But I know that the site of me pisses her off... if i'm outside she walks away and stomps her feet, if she is inside she closes her blinds so she can't see me.... but doesn't when he's outside alone... i told our MC that i think its because she's mad at me for pouring cold water on her party and she still wishes they were having the affair ... also told the MC that the last time she was outside and my H left she almost broke her neck trying to see if he was alone in the car and if anyone was looking...MC says that all those things are her issues not mine and to ignore her. My H said he didn't even notice because he's agreed to never look over that way.

I've made it clear that if I find out that there is anything going on with her or any contact - a call, a note a text a look etc it's over between us. If he ever does anything to make me think he is cheating again, if he ever starts to get verbally abusive again or show anger we are done. If he flirts with others (he always always did) or someone makes a comment that he was being awfully nice to some woman etc - basically anything very questionable - it's over. And I mean it.

The topic sort of came up last night... i said i felt he was at a point where he felt the worst was over and if i'd stay with him after this then he could get away with anything... his response was that 'to the contrary, everyday now he worries about his actions and words and worries that one wrong move and i'd leave'. I nodded.

A polygraph is not an option - they don't have them around here.

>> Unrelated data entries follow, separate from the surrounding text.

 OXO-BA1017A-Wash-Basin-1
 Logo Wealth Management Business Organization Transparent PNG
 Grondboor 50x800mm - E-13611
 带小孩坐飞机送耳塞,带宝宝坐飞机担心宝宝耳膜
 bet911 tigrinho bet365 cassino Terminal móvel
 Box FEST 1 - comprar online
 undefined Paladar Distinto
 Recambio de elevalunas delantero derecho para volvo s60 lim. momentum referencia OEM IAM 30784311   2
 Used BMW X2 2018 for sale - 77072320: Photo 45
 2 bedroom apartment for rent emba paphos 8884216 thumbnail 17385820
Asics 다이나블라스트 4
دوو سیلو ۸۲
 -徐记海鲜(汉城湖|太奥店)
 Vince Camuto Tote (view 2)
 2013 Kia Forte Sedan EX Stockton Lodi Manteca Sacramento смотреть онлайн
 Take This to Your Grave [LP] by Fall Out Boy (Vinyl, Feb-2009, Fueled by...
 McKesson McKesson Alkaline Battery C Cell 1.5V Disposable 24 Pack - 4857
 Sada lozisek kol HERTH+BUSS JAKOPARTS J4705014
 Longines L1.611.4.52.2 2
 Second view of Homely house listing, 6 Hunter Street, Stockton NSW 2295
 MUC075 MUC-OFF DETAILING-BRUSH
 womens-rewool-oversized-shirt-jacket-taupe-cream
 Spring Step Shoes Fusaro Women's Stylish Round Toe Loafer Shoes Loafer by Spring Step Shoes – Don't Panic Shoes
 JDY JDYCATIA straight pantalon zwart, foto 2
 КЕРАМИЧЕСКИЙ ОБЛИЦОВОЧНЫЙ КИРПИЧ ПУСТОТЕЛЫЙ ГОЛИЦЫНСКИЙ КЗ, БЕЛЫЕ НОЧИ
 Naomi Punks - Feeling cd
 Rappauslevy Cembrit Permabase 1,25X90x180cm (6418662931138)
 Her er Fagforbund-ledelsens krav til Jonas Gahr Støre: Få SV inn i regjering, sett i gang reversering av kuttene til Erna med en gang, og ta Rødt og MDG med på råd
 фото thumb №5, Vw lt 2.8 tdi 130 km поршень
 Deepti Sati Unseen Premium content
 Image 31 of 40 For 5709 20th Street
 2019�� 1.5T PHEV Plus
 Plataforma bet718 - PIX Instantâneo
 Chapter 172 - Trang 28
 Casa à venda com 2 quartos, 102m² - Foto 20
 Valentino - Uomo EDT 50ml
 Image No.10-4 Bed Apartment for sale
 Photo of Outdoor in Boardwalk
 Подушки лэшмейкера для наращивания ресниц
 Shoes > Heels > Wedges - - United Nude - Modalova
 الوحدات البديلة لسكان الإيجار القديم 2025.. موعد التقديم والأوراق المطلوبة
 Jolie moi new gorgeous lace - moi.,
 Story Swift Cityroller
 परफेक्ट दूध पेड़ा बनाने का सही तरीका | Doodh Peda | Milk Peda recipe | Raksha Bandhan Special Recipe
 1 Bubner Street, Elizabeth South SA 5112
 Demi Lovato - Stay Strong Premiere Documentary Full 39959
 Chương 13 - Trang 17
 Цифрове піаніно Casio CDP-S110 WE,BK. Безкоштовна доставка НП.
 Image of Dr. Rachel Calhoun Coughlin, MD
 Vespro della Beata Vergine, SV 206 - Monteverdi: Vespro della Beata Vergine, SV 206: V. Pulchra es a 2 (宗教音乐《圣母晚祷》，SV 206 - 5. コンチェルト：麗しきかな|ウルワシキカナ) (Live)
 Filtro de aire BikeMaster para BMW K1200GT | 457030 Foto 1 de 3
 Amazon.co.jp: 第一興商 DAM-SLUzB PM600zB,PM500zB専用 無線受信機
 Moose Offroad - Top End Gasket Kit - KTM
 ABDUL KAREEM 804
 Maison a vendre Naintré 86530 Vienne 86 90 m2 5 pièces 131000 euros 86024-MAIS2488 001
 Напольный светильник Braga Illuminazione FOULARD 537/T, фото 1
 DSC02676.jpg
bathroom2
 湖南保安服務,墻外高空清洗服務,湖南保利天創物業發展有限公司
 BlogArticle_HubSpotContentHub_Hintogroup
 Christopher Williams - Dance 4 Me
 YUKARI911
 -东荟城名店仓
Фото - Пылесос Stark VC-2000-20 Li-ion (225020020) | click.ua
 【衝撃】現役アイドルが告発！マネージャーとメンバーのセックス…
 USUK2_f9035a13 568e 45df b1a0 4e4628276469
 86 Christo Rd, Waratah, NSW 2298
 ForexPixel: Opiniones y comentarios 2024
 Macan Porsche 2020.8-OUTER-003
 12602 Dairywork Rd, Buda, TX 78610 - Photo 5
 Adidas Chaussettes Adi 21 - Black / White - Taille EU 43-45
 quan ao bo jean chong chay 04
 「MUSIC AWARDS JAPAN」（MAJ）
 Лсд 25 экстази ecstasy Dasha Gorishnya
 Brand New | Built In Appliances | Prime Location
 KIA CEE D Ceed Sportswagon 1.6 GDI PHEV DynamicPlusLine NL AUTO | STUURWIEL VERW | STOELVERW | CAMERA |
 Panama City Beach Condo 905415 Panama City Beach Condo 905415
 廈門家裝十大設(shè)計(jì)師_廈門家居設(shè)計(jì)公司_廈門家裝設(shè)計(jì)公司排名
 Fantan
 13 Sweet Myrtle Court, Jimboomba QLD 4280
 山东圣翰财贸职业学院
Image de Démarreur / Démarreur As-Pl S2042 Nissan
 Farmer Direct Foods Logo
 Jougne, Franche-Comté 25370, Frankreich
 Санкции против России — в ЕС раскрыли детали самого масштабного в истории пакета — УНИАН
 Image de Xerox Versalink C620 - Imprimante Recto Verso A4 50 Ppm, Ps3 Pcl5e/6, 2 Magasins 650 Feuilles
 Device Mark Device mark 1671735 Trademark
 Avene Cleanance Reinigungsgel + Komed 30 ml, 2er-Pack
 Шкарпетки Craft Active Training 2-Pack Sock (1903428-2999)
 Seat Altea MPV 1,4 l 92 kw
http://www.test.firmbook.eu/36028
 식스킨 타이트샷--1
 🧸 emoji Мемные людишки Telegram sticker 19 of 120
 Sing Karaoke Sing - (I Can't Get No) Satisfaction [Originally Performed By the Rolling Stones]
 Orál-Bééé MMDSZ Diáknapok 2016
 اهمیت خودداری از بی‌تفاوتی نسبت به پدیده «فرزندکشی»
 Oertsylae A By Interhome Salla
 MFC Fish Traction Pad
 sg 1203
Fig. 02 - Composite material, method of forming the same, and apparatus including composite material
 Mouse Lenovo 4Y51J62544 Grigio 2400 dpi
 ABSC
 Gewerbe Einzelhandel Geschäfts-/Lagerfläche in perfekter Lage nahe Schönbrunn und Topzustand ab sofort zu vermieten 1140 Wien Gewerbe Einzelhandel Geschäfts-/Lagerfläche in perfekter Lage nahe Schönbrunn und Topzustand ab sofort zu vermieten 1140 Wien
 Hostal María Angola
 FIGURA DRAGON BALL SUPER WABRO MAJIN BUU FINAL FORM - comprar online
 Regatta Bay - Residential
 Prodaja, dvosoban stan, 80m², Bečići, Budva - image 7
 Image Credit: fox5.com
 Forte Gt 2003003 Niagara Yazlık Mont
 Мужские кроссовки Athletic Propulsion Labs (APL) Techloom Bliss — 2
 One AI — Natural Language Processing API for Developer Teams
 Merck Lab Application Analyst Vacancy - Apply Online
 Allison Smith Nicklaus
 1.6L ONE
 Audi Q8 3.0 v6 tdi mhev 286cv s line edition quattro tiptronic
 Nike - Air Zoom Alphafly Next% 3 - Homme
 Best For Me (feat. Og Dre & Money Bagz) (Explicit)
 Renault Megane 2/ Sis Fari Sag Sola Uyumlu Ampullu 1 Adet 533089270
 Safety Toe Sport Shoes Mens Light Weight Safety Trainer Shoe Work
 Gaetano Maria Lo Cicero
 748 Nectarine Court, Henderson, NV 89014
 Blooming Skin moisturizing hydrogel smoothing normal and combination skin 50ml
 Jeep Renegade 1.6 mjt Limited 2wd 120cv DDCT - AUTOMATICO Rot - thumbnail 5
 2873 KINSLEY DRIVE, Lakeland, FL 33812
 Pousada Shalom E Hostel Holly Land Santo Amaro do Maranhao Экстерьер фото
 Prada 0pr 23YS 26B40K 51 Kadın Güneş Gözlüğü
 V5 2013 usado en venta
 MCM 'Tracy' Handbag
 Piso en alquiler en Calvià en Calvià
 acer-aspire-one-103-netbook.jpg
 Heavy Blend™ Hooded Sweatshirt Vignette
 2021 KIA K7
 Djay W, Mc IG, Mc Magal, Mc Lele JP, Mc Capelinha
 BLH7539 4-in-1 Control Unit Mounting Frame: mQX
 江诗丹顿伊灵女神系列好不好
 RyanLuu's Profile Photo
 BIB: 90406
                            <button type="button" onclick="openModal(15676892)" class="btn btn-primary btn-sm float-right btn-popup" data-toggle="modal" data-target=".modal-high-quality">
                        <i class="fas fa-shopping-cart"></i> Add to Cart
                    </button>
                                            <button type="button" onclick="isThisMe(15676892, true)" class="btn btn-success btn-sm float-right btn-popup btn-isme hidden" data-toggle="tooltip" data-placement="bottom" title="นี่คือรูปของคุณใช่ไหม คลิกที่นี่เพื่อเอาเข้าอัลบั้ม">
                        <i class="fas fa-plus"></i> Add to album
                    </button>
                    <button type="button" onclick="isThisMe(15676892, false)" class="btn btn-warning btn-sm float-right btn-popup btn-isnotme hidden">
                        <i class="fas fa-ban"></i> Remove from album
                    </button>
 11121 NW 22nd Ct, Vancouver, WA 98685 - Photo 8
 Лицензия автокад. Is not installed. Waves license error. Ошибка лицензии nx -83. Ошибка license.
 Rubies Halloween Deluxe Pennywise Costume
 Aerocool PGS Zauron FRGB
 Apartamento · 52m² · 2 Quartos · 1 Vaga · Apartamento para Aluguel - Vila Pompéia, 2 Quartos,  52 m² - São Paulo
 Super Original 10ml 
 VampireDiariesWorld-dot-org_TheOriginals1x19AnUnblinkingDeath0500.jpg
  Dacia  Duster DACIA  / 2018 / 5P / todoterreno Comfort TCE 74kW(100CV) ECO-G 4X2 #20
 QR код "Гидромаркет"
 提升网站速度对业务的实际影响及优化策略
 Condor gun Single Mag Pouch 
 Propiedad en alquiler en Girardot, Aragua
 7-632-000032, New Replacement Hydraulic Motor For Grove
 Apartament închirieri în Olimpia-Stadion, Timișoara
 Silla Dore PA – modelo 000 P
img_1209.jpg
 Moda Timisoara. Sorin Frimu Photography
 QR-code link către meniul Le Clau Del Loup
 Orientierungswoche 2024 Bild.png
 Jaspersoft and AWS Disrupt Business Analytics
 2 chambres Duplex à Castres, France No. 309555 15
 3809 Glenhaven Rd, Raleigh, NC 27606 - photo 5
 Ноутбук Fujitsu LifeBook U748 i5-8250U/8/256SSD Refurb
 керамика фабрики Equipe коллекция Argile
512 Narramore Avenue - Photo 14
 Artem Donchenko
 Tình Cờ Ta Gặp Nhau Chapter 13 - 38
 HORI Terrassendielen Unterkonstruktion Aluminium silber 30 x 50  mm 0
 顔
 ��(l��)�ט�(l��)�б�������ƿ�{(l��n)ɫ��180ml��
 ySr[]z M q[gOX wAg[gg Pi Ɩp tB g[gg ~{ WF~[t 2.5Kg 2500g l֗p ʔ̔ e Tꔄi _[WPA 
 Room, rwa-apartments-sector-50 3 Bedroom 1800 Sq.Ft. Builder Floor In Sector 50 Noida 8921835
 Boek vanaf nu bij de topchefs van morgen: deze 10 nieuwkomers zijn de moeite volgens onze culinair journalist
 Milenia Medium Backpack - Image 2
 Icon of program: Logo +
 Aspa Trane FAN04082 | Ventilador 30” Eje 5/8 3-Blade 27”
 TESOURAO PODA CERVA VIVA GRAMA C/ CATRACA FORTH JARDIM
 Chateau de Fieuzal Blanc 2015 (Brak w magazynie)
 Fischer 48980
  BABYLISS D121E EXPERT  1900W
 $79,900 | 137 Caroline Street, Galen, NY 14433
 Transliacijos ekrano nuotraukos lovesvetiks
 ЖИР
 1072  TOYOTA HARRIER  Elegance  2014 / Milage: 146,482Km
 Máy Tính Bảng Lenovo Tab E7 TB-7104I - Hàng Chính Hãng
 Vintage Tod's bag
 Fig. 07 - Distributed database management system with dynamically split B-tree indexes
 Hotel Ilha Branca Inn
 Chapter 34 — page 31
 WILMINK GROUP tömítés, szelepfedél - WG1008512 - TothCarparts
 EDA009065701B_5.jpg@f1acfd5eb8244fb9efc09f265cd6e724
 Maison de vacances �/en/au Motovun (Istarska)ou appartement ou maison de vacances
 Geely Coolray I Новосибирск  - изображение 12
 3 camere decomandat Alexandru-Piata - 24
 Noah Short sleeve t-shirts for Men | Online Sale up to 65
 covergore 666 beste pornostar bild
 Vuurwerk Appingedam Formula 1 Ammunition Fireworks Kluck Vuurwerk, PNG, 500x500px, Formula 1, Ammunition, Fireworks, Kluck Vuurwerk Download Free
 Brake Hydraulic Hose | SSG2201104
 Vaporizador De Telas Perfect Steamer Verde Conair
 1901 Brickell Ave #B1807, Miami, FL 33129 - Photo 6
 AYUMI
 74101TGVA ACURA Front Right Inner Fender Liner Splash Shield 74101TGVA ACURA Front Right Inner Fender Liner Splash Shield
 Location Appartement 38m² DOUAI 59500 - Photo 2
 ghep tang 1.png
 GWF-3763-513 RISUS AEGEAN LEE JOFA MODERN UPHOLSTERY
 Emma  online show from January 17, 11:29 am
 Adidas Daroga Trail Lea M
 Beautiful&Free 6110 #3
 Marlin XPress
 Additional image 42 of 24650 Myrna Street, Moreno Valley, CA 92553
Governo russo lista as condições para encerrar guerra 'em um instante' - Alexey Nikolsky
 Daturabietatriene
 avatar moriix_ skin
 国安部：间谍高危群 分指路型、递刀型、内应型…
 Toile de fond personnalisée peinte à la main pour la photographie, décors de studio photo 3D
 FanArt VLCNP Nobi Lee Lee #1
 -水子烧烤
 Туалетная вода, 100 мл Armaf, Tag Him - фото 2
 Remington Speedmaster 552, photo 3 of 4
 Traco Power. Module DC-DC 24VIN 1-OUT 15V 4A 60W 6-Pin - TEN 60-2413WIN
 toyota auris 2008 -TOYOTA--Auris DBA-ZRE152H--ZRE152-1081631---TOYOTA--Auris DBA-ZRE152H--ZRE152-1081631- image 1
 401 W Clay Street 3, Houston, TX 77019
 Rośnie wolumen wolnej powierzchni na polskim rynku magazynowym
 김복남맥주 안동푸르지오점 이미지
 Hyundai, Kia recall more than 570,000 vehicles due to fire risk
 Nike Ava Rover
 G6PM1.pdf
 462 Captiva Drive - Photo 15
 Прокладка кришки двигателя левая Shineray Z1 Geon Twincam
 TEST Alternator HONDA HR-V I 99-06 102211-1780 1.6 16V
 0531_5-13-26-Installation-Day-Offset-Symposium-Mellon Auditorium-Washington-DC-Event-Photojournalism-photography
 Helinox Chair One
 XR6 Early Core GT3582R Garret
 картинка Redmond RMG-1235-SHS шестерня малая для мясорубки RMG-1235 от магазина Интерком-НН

*baldmale* - i agree with your comments about the 'newness' of being with her.... and how it is something that is 'different'... and that is what worries me.... how long before he needs that 'newness' again... it's hard to say because I also believe that there is some truth in him saying that he wasn't 'confident'... i actually think it was a bit of both... he likely wanted it more then anything and wanted to do as much as possible but the lack of confidence may have slowed him down (from trying)... and I'm sure that if they hadn't done anything else yet, if it had gone on long enough nothing would have been off the table.

As far as taking so long to orgasm - is see your point on that too. again it could be his version or your version ... i'm sooo confused... but it goes back to your last comment, or what I think you were saying - 'what does it matter, move on'. I think it does in a way because it means he is still lying - catch is that i think i'm at the point now where I'll never truly know. If he is lying he thinks he's protecting me and he wont' budge. But then it makes me wonder if that is a lie what else is too?!?!


As far as 'what they did ' goes, he finally got to the point were he said that he had told me everything and that it was only missionary and cowgirl ... that that was it, and if i was so set on knowing more he'd have to make it up because their wasn't more. So not sure what else to say or do on that point - ie to get him to tell me more?!?!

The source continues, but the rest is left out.